[WORK TASK] Make a verbatim copy of all the records. Skip every image.

[EXTRACTED ENTRIES]
**********

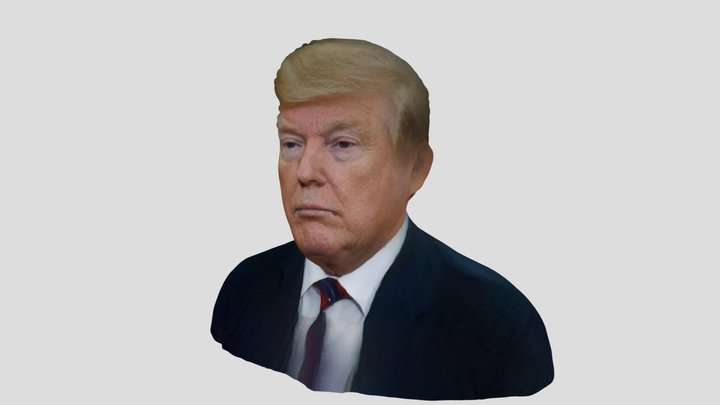 Trump Bust 3D Model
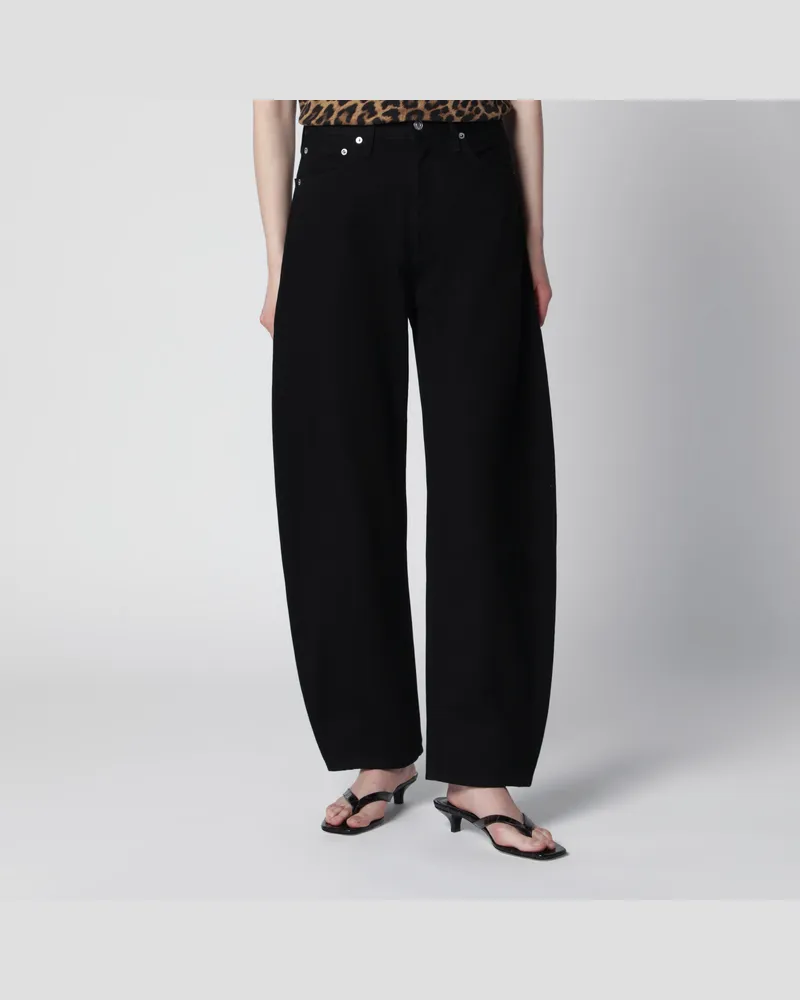 AGOLDE Luna Jeans Aus Schwarzem Cover-Denim Black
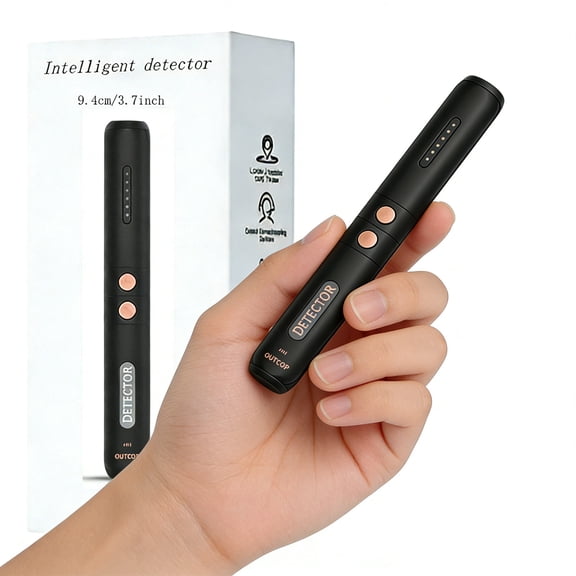 Hidden Camera Detectors  Small Anti Spy with GPS Tracker RF Detector for Wireless Cameras and Cars Tracking Device - Mini Travel Pen for Finding Spying Voice Recorder Bug Devices A17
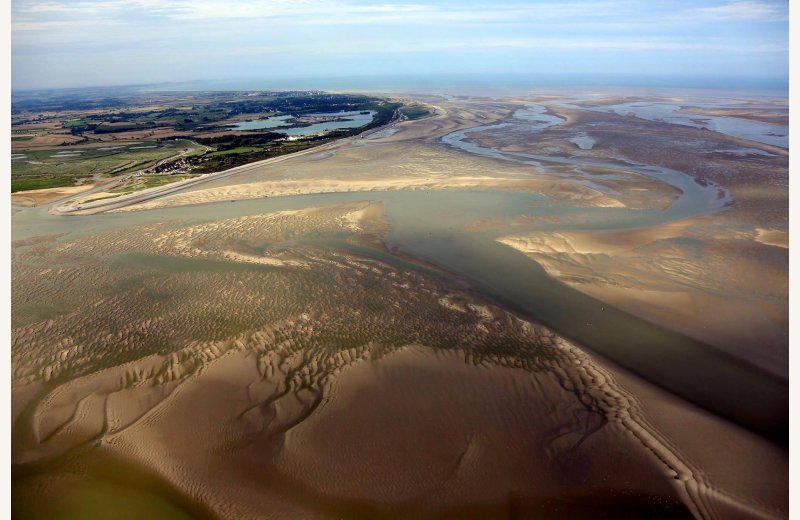 Vue aérienne de la Baie de Somme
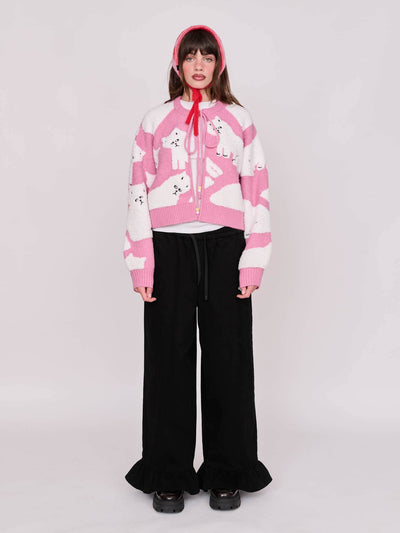 model:Molly wears size S and is 5’ 7”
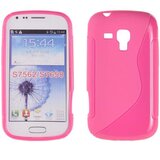  S silikonski ovitek Samsung Galaxy S Duos S7562, Trend S7560, Trend Plus pink Cene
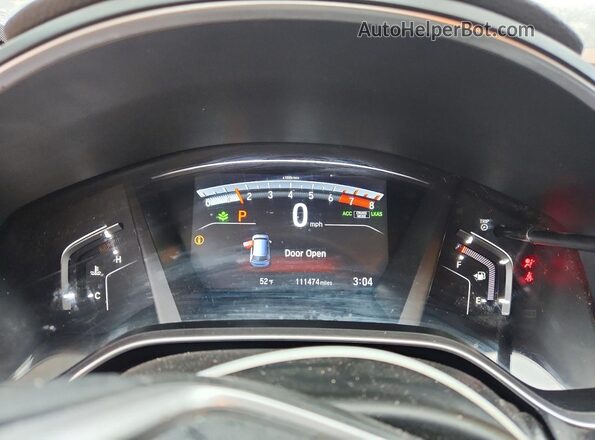 7FARW1H85KE020212 2019 HONDA CR-V White Widok zestawu wskaźników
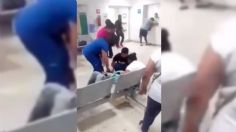 Joven da a luz en sala de espera de hospital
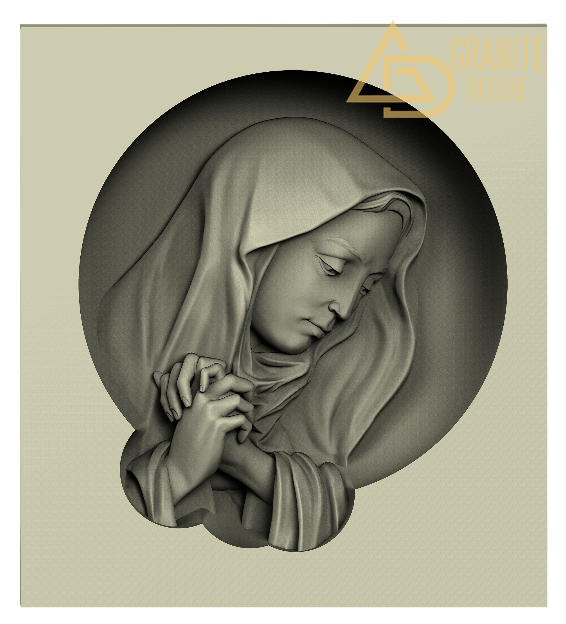 Резной памятник «Небесная дева» 1267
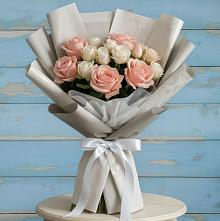 Букет цветов из:  Розы в Сретенске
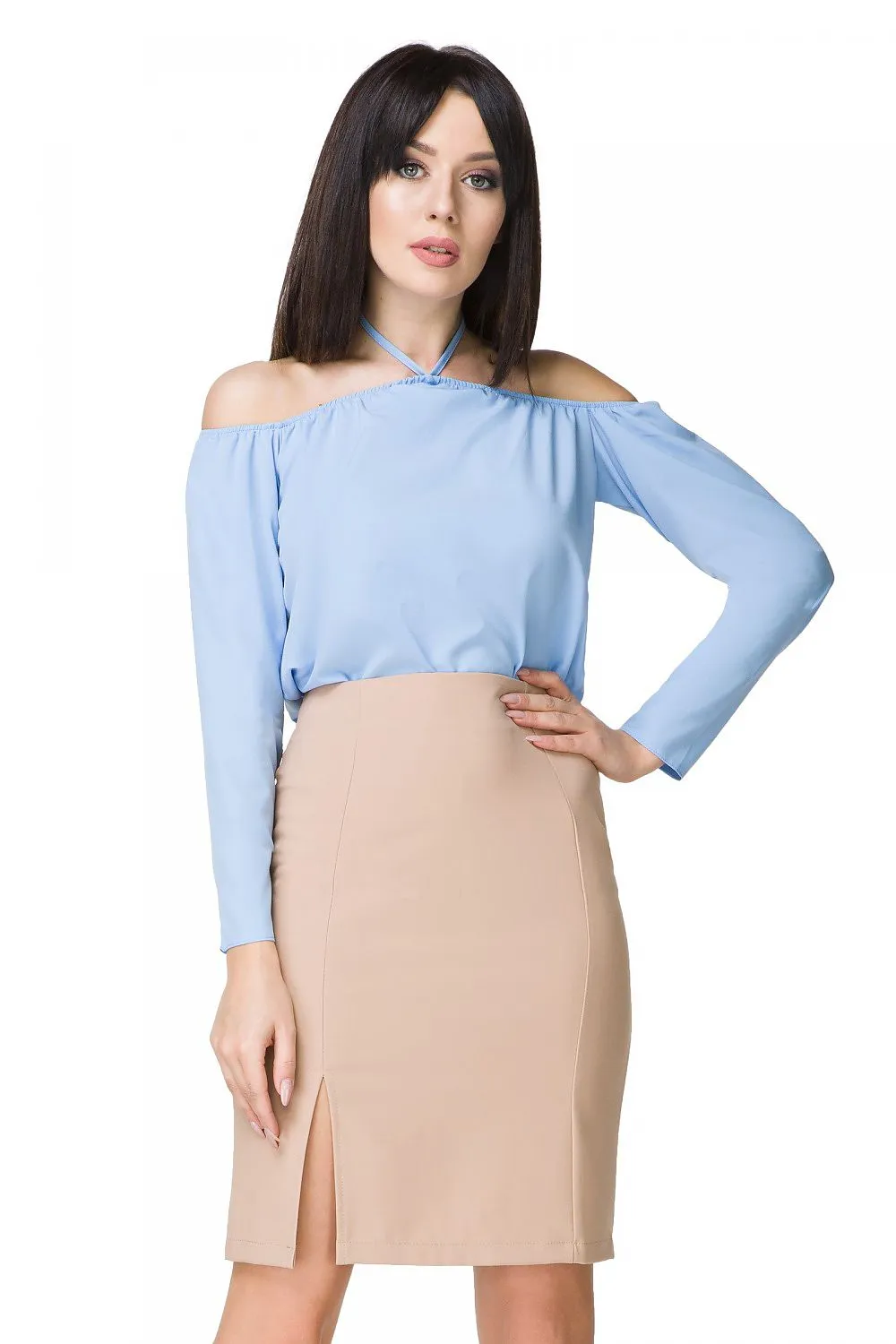 Delicate Neck Tie Blouse Elegance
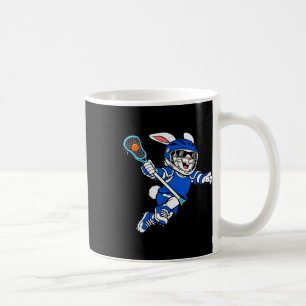 Bunny Playing Lacrosse Rabbit Easter Sport Men Boy Coffee Mug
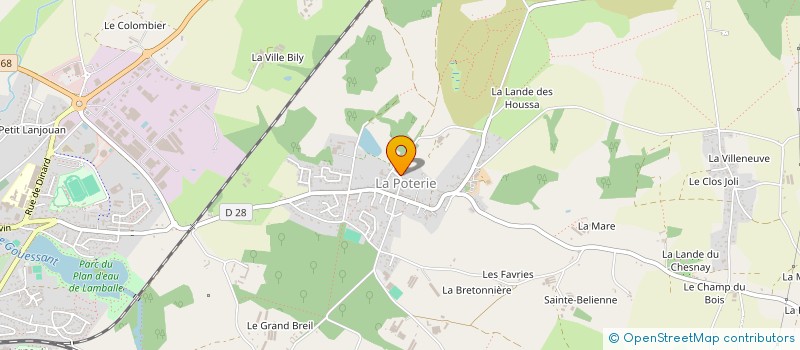localisation de l'entreprise PROACTYV à LAMBALLE-ARMOR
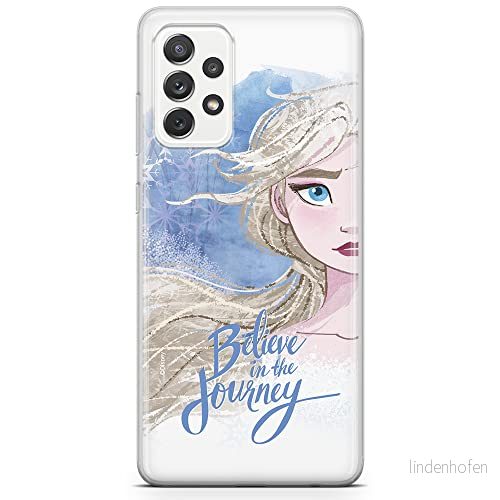ERT GROUP mobiltelefonfodral för Samsung A73 5G originalt och officiellt licensierat Disney mönster Elsa 015 optimalt anpassad till formen på mobiltelefonen, fodral tillverkad av TPU plast 5904805520587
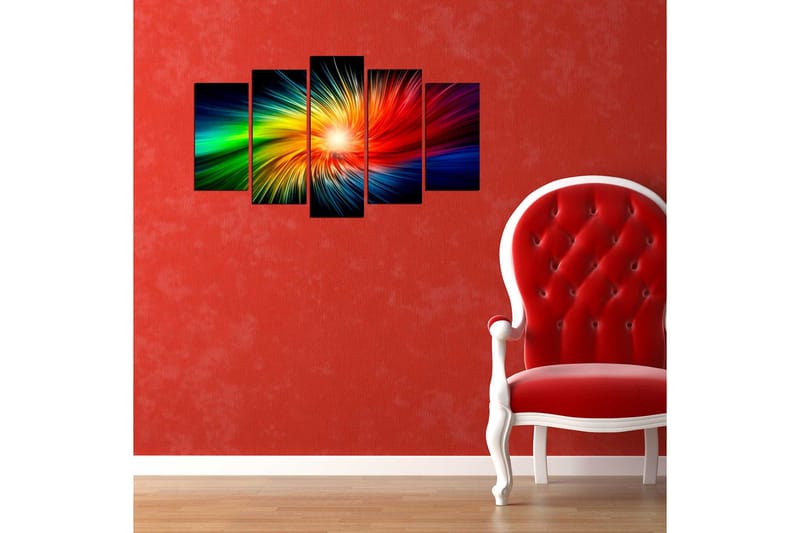 Koristeellinen MDF Maalaus (5 kpl) - Sisustustuotteet - Taulu & taide - Canvas-taulu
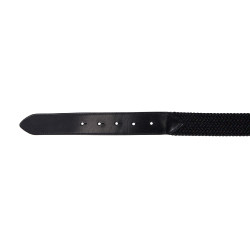 Ceinture d’équitation cuir élastique boucle rose gold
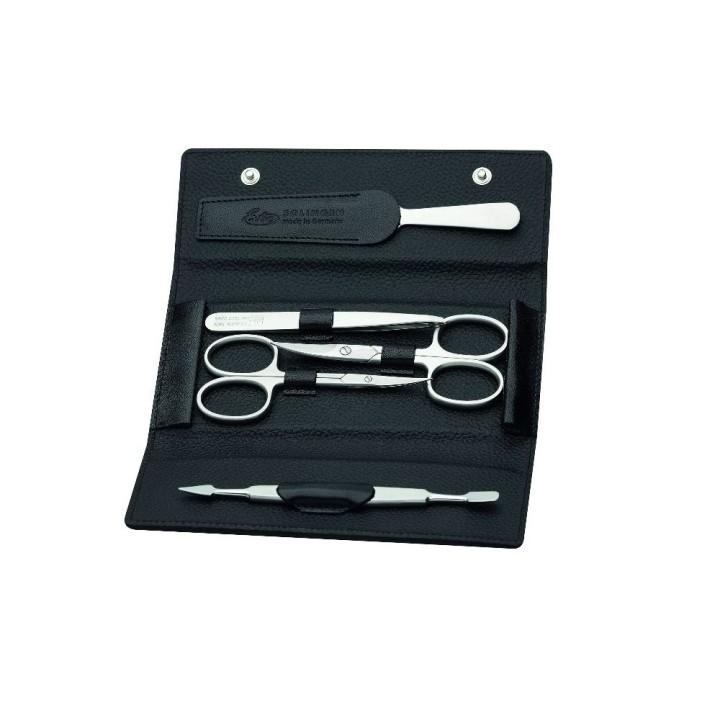 Erbe Manicure Snap Button Case "Black Mamba", Stainless, 5 instruments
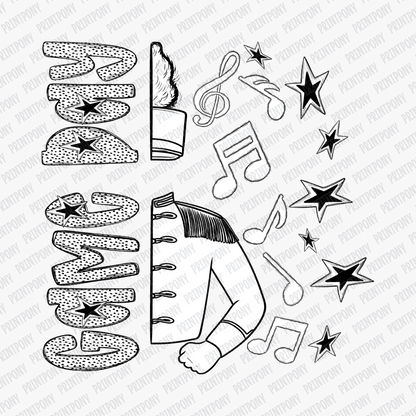 Game Day Band Dotted DTF transfer - PrintPony™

**********

[RESULT OF THIS TASK]
 Trump Bust 3D Model
 AGOLDE Luna Jeans Aus Schwarzem Cover-Denim Black
 Hidden Camera Detectors  Small Anti Spy with GPS Tracker RF Detector for Wireless Cameras and Cars Tracking Device - Mini Travel Pen for Finding Spying Voice Recorder Bug Devices A17
 Vue aérienne de la Baie de Somme
 model:Molly wears size S and is 5’ 7”
  S silikonski ovitek Samsung Galaxy S Duos S7562, Trend S7560, Trend Plus pink Cene
 7FARW1H85KE020212 2019 HONDA CR-V White Widok zestawu wskaźników
 Joven da a luz en sala de espera de hospital
 Резной памятник «Небесная дева» 1267
 Букет цветов из:  Розы в Сретенске
 Delicate Neck Tie Blouse Elegance
 Bunny Playing Lacrosse Rabbit Easter Sport Men Boy Coffee Mug
localisation de l'entreprise PROACTYV à LAMBALLE-ARMOR
ERT GROUP mobiltelefonfodral för Samsung A73 5G originalt och officiellt licensierat Disney mönster Elsa 015 optimalt anpassad till formen på mobiltelefonen, fodral tillverkad av TPU plast 5904805520587
 Koristeellinen MDF Maalaus (5 kpl) - Sisustustuotteet - Taulu & taide - Canvas-taulu
 Ceinture d’équitation cuir élastique boucle rose gold
 Erbe Manicure Snap Button Case "Black Mamba", Stainless, 5 instruments
 Game Day Band Dotted DTF transfer - PrintPony™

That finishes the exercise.